CAÇA AO VOTO
Como já era de se esperar, passado o carnaval, os políticos colocam o bloco na rua e abrem a temporada de caça aos votos. Trata-se de uma rotina que se repete de dois em dois anos, dando margem a toda série de especulações. Em Juiz de Fora, o vereador Isauro Calais, que tem planos de disputar a Prefeitura pelo PMN, encontrou-se com a professora Margarida Salomão, que vai, de novo, tentar o mesmo cargo pelo Partido dos Trabalhadores. Em Belo Horizonte, como o próprio anunciou pelo Twitter, o presidente do PSDB estadual, deputado Marcus Pestana, tomou café da manhã, na sexta-feira, com o prefeito Márcio Lacerda (PSB) para tratar da repetição da vitoriosa aliança de 2008.

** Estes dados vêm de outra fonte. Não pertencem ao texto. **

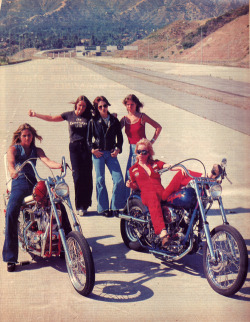 womenwhoride:  Joan Jett and The Runaways.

Conversar faz parte do jogo, e é assim que se faz a boa política, mas nada indica, pelo menos por enquanto, que os atores do jogo estão definidos. No domingo passado, a Tribuna mostrou a disposição dos deputados Júlio Delgado (PSB) e Bruno Siqueira (PMDB) de conversarem, pois há entendimento de que separados vão praticar o que os políticos chamam de abraço de afogado, isto é, se os dois forem para o páreo, correm o risco de não ultrapassar a linha de chegada. Mas esse cenário também é de especulação, já que outros personagens estarão em jogo e ainda não se manifestaram tão abertamente, a começar pelo prefeito Custódio Mattos (PSDB), titular do cargo, que tem feito diversas reuniões, mas ao estilo mineiro do silêncio.
Como as convenções só vão ocorrer na virada do semestre, e os acordos nem sempre dependem dos personagens locais, é possível especular, mas não mais do que isso. Desde a implantação do sistema de coalizão, as alianças partidárias têm se definido mais em Brasília e Belo Horizonte do que nas bases, ao contrário de outros tempos, quando o embate tinha fortes conotações locais. Hoje, por interesses maiores, os dirigentes têm colocado goela abaixo dos diretórios uma série de alianças que não apresentam nenhuma coerência, mas que fazem parte do jogo principal, no qual eles, de fato, estão mais interessados.